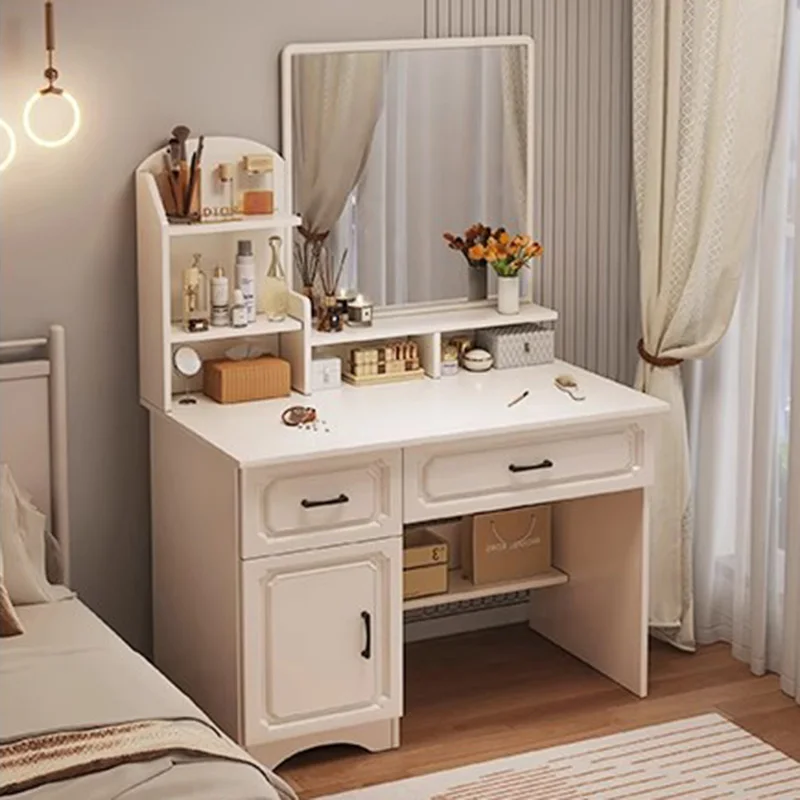 Big Size Save Space Dressing Table Wooden Designer Storage Drawers Vanity Table Professional Mesa De Maquillaje Salon Furniture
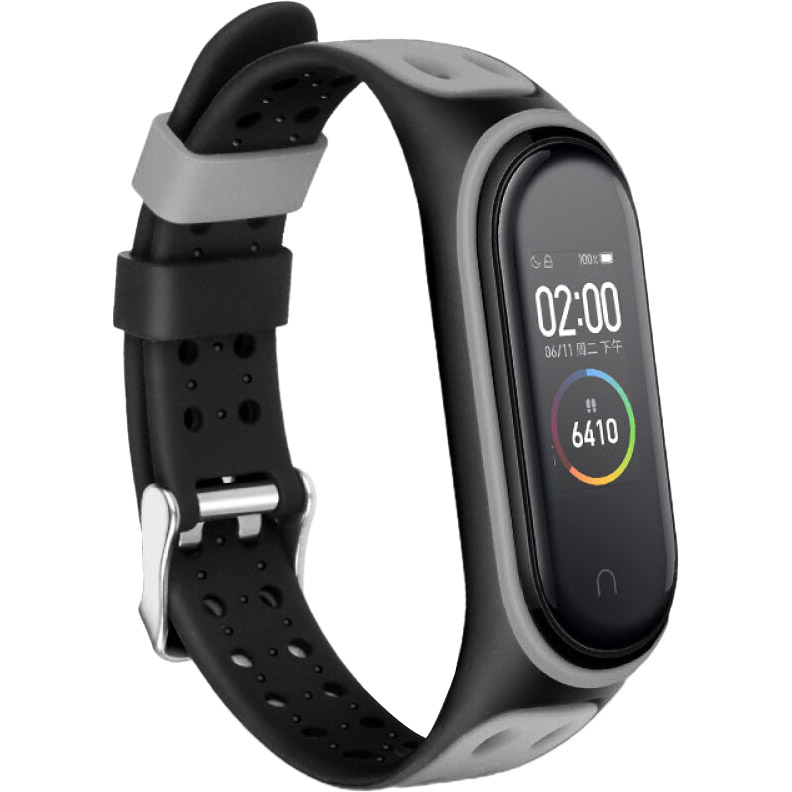 

Ремешок BECOVER Colour Style для Xiaomi Mi Smart Band 5 Black-Gray (705155), Xiaomi Mi Smart Band 5 Black-Gray (705155)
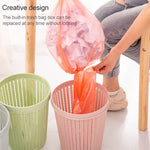 Contenitore per sacco della spazzatura integrato in plastica rimovibile per uso domestico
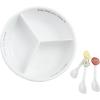 Mud Pie Salsa Guac Queso Triple Tidbit; dish 3 1/2″ x 8 1/4″ dia | spoon 3 3/4″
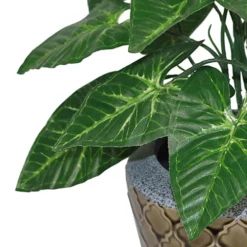Leaf 45cm Artificial Taro Plant - 45cm Dark Taro -HOMCO Garden Shop 45cm artificial taro plant 45cm dark taro5060532970344 03c MP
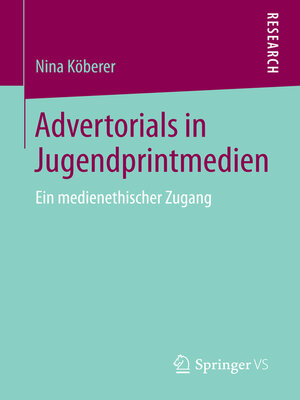 cover image of Advertorials in Jugendprintmedien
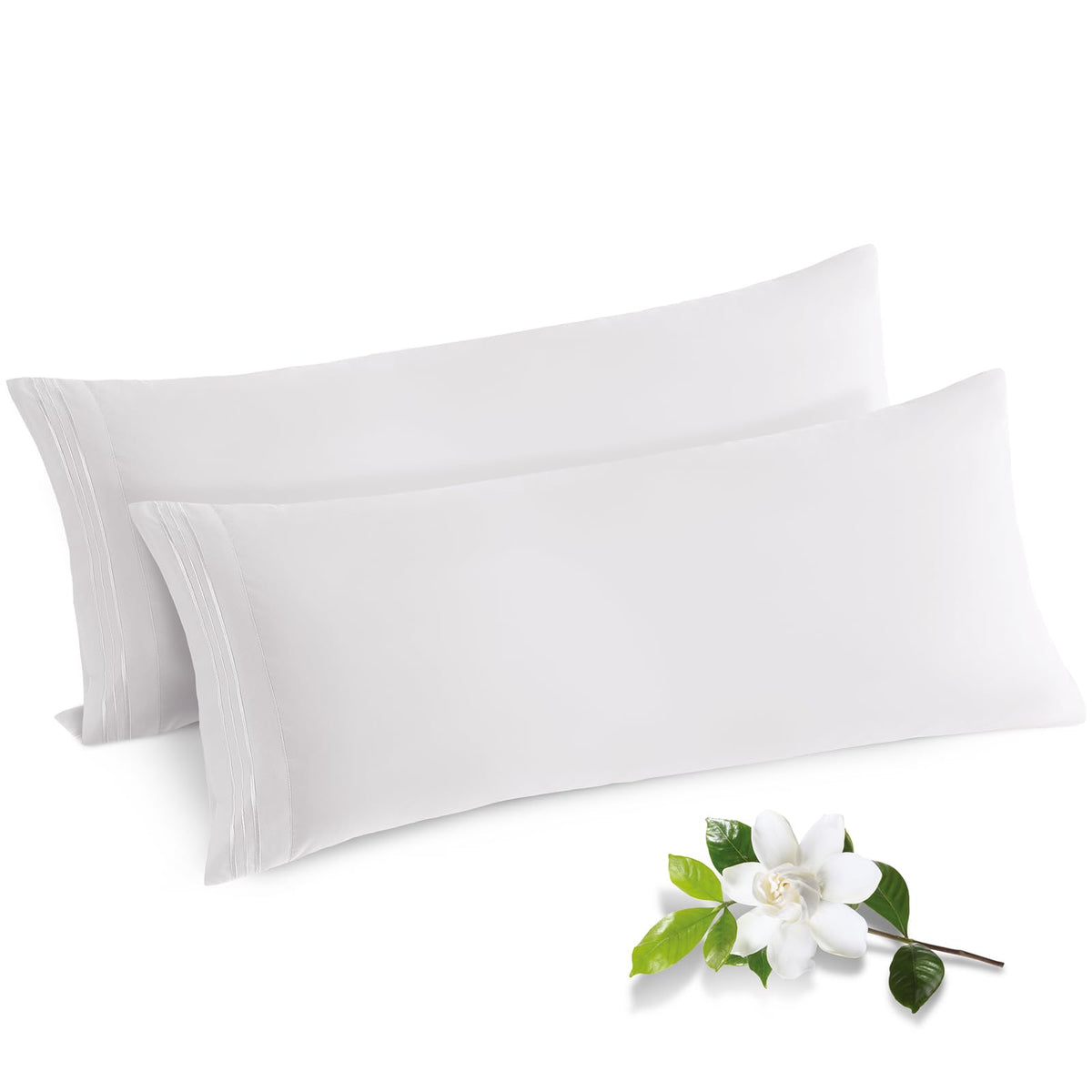 Horbaunal Microfiber Pillowcases Standard Size, Hot Pink, 2 Pack
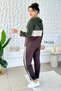 Modal Hoodie Set with Zippered Collar 7K153 - 6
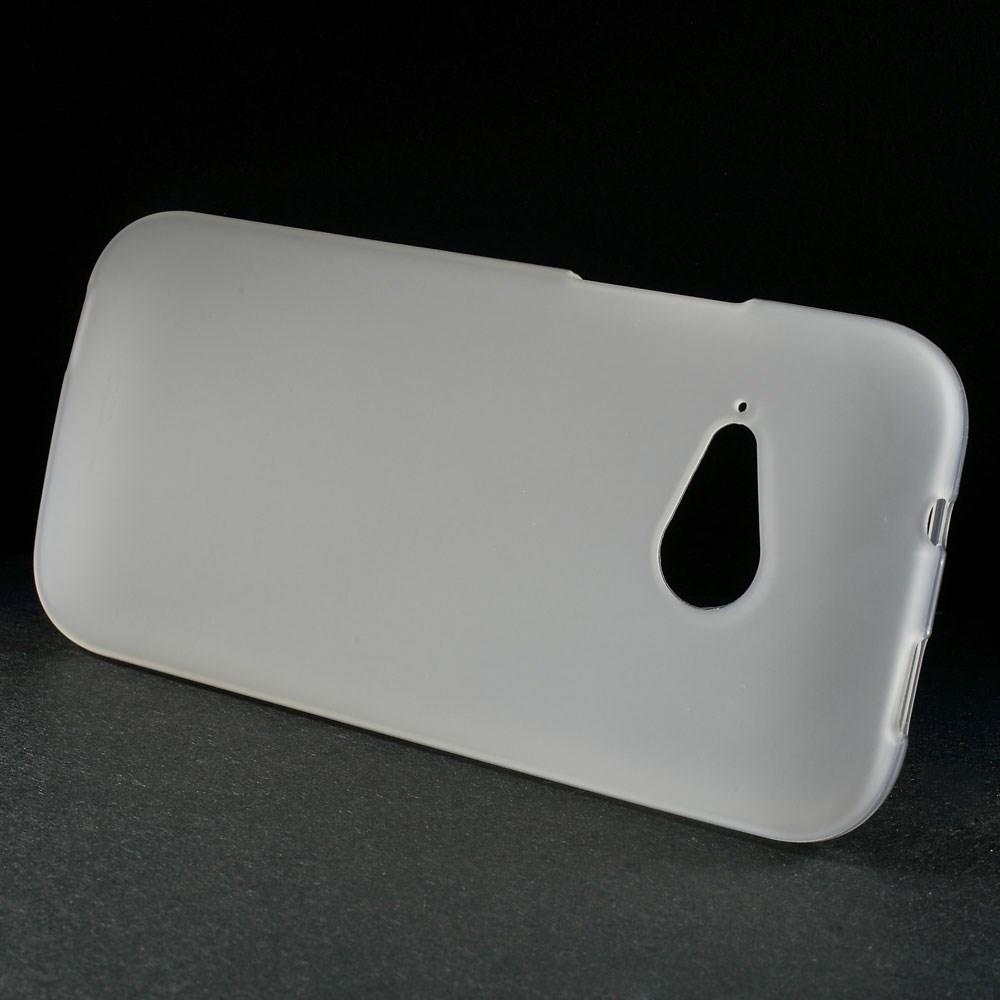 Силиконовый чехол для HTC One mini 2 белый Flexishield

[DESCRIPTION OF THE TASK] Pictures in the records above should not be copied. Repeat everything else exactly.

[WRITTEN RESPONSE]
 Big Size Save Space Dressing Table Wooden Designer Storage Drawers Vanity Table Professional Mesa De Maquillaje Salon Furniture

Ремешок BECOVER Colour Style для Xiaomi Mi Smart Band 5 Black-Gray (705155), Xiaomi Mi Smart Band 5 Black-Gray (705155)
 Contenitore per sacco della spazzatura integrato in plastica rimovibile per uso domestico
 Mud Pie Salsa Guac Queso Triple Tidbit; dish 3 1/2″ x 8 1/4″ dia | spoon 3 3/4″
Leaf 45cm Artificial Taro Plant - 45cm Dark Taro -HOMCO Garden Shop 45cm artificial taro plant 45cm dark taro5060532970344 03c MP
 cover image of Advertorials in Jugendprintmedien
 Horbaunal Microfiber Pillowcases Standard Size, Hot Pink, 2 Pack
 Modal Hoodie Set with Zippered Collar 7K153 - 6
 Силиконовый чехол для HTC One mini 2 белый Flexishield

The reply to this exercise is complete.